# Can you burn wood with nails in it ?



## Nocattom

Came across some cut up pallets with lots of nails. Should this be used ?


----------



## DAKSY

Nocattom said:


> Came across some cut up pallets with lots of nails. Should this be used ?


 
It's wood. It'll burn, but if you do, don't throw your ashes in the driveway!


----------



## Doug MacIVER

Nocattom said:


> Came across some cut up pallets with lots of nails. Should this be used ?


 i do all the time when nails don't come out. i dont have ash pan in f100 so nothing to get hung up.


----------



## ScotO

does your stove have a catalytic converter?  if so, proceed with caution, as nails with galvanizing on them (zinc or cadmium plated) can be very hard on the catalytic converter.  If no CAT in your stove, then you should be fine (just follow Daksy's advice).


----------



## Backwoods Savage

You can also remove the nails afterwards with a large magnet going over the ashes.


----------



## BobUrban

And if you burn hot enough you will burn those nails too   But this advice is coming from a blacksmith and welder.  I and certain my forge would heat my house well but I do not want a 2000+ degree fire in here so probably best to take the better advice above.


----------



## Nocattom

Doug MacIVER said:


> i do all the time when nails don't come out. i dont have ash pan in f100 so nothing to get hung up.


Doug, good point about the ash pan! The stove is a PE and i have read on this forum they can be a problem. Im not going to use the wood


----------



## Hearth Mistress

Also, I been told not to use an ash vacuum and if you have a "professional" come do your cleaning, our first one was free since they did the install, be sure to warn them you burn pallets so they don't ruin their vacuum either.
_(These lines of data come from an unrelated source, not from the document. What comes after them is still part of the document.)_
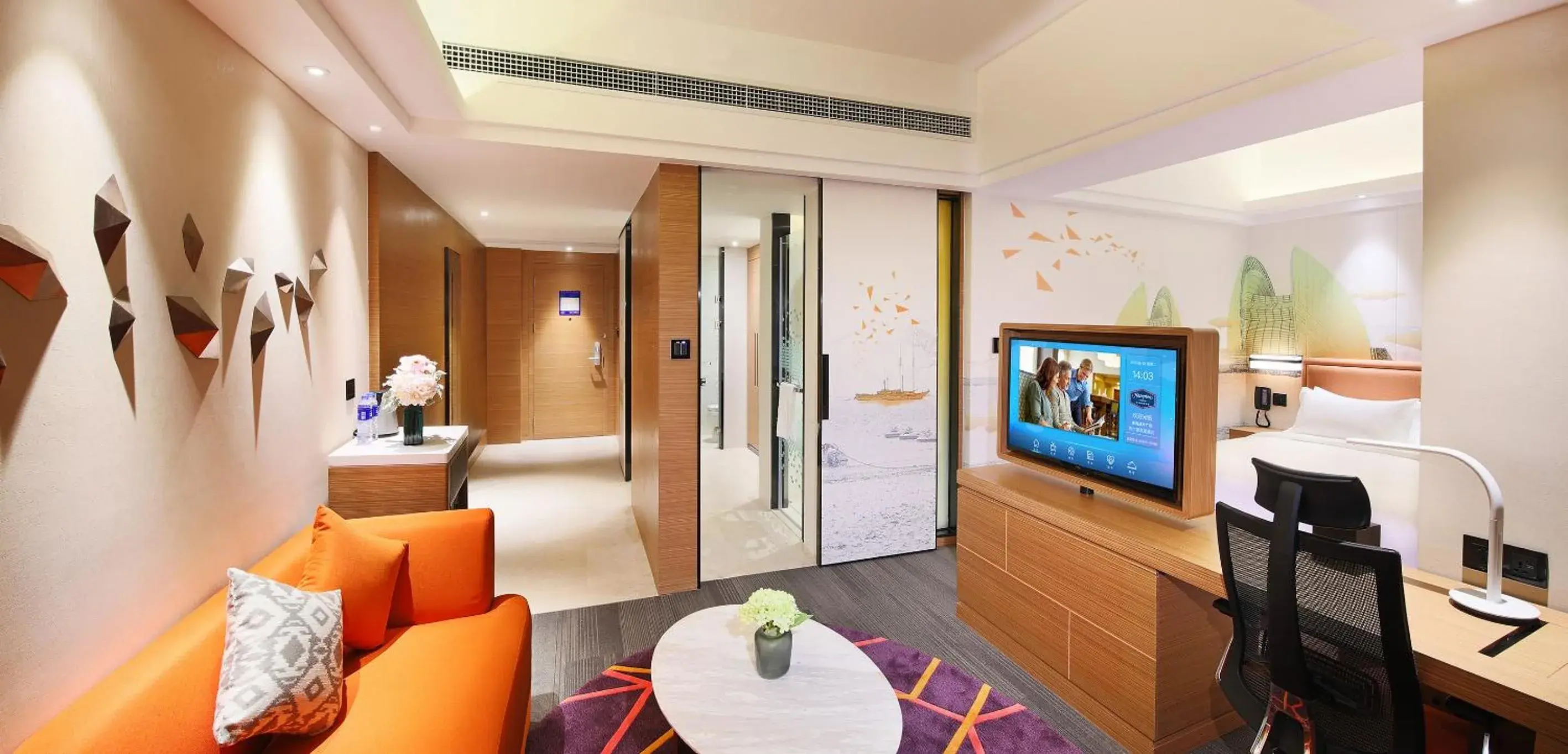 Business King Room in Hampton by Hilton Zhuhai Cheng Feng Plaza Business King Room in Hampton by Hilton Zhuhai Cheng Feng Plaza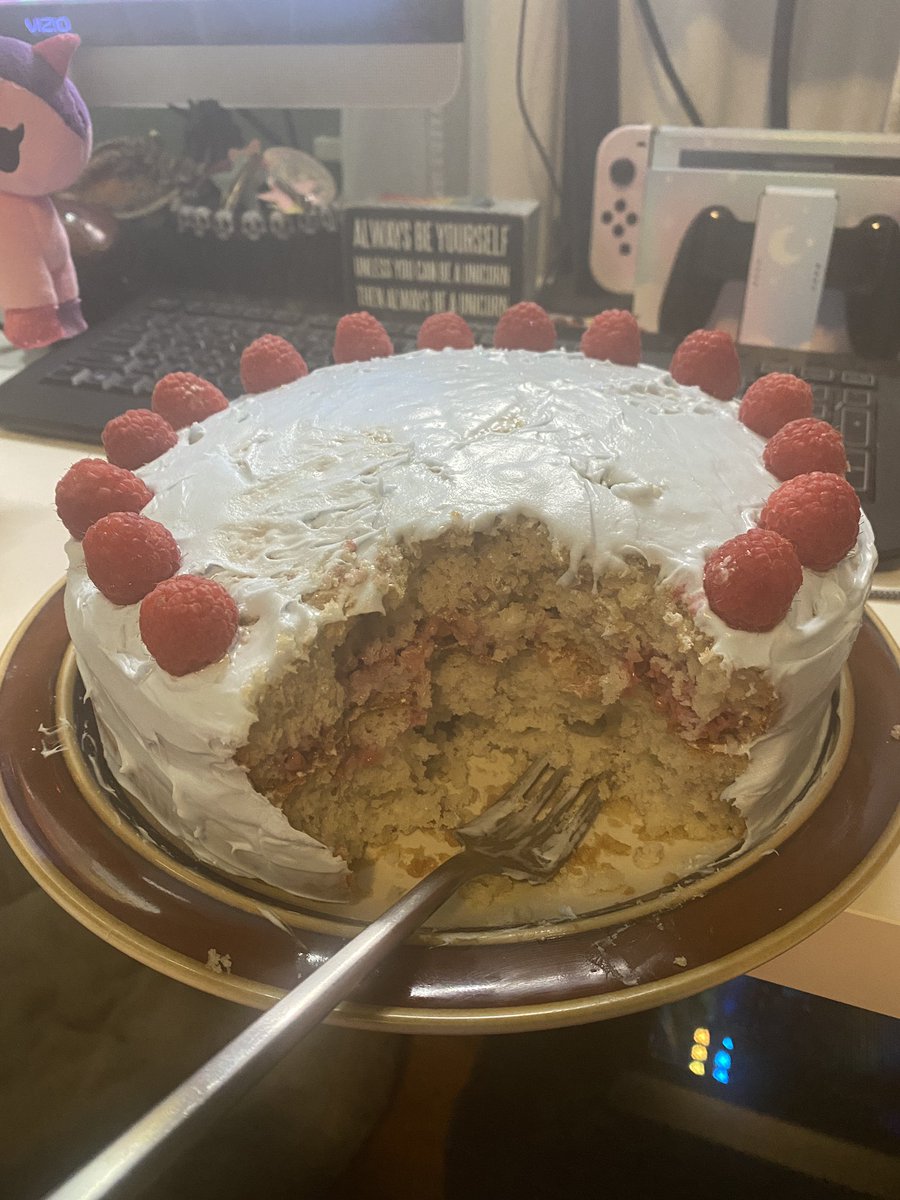 support_unicorn's tweet image. Covid birthday party vibes...
Who needs plates when you’re the only one eating your birthday cake? 😭 #covidbirthday #partyforone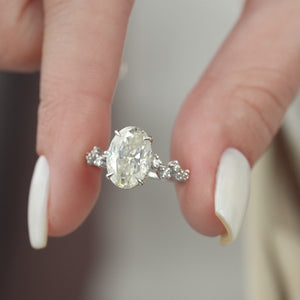 The Mia - Engagement Ring Made in White Gold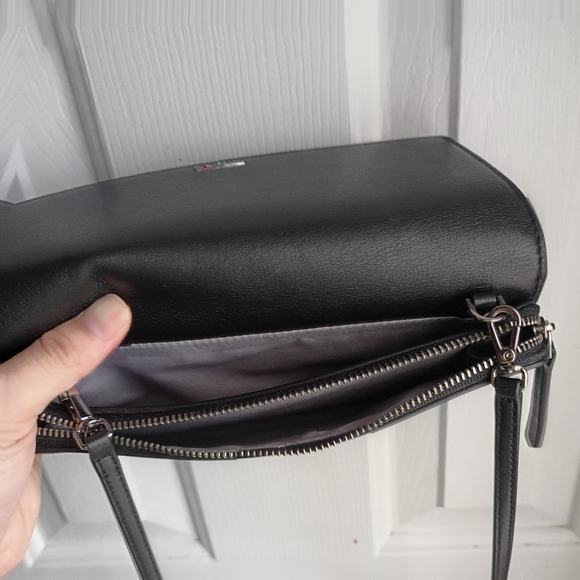 Tumi Adjustable Black Leather Crossbody Wallet/Purse - Picture 5 of 5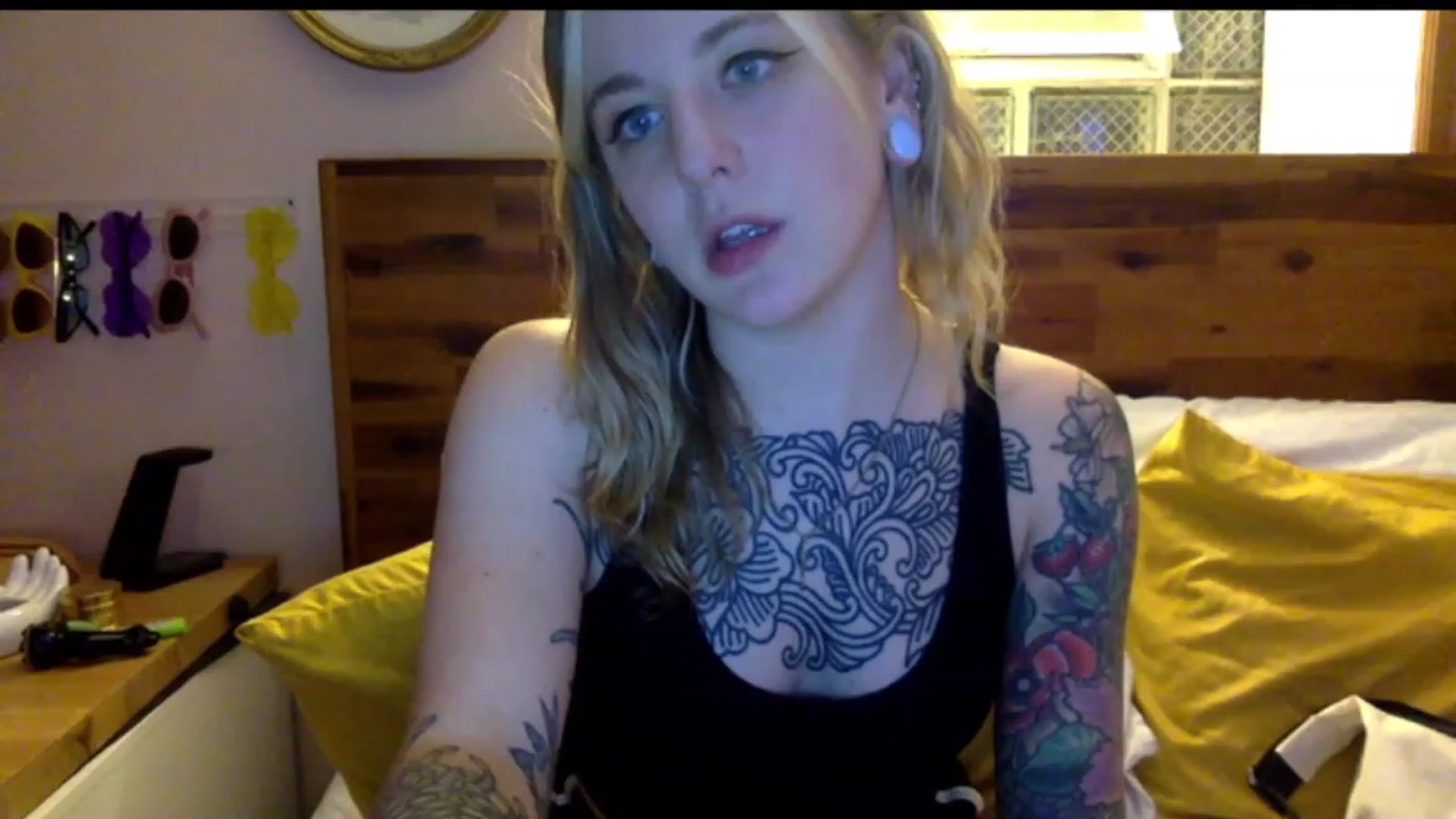 Gallery image thumbnail from Shy_sophia2's myfreecams stream on, 07/21/2023, 04:22 image 19 of 20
Pallet wood burns HOT and FAST so don't load it up. I use a saws-all with 9" demo blades to cut both sides at once, that six-sigma pays off in all aspects of my life   I tried using my chainsaw but that was a bit too much for me, a lot of kick back and screws up your chain fast hitting nails.

Good Luck!


----------



## mattjm1017

I do it sure hope its not a problem I don't really feel like taking the time to remove nails. If its a problem though I reckon ill start pulling nails.


----------



## lopiliberty

I do it all the time and just remove the nails from the ashes before throwing them out.  Next year wood pile has a couple of splits with big spikes in them.  I tried to get them out but couldn't so I'm going to let the stove remove them


----------



## BrowningBAR

I do it in the non-cat stoves.

But rarely, meaning; accidentally, do I do it with the cat stoves. I have seen some say it doesn't matter with a cat and others say it could shorten the life of the cat. So, I tend to err on the side of caution.


----------



## fossil

Burned plenty of wood with nails in it in my shop (non-cat) stove.  My ashes find their way out eventually with the trash, so I've no worries about nails in gardens, lawns, or on driveways...or anywhere else.


----------



## Paulywalnut

Probably throw a little more heat


----------



## aussiedog3

I never do.  Just wood, no cardboard, no leftover christmas wrapping paper, no nothing, just wood.
My ashes go on the driveway, garden or compost pile.


----------



## lopiliberty

aussiedog3 said:


> no cardboard, no leftover christmas wrapping paper, no nothing


I burn everything listed, not large amounts just cereal boxes and other small boxes(of course I tear it up in small pieces and add them one at a time) and what a fire it makes for a few seconds


----------



## HDRock

I burn pallets w nails in my dragon , no problem, have to clean out ashes more often, but the nails in the ash actually retain heat.
They use coated spiral nails so the pallets don't fall apart, which makes them a real bugger to pull.
I cut em up with a small chainsaw , it's fast and, I have never hit a nail 
Like said, that stuff burns hot n fast, don't put to much in   , usually I burn it along with big splits


----------



## Doug MacIVER

mattjm1017 said:


> I do it sure hope its not a problem I don't really feel like taking the time to remove nails. If its a problem though I reckon ill start pulling nails.


 i take the time to remove probably 90+percent of the nails ocb i guess.  burn a  little pine mostly poplar and what oak pallets i can get at my shop. we do get some so. american mahogany leather pallets and they are a treat, great burn, free oil my friends. nails no problem for me as i've said


----------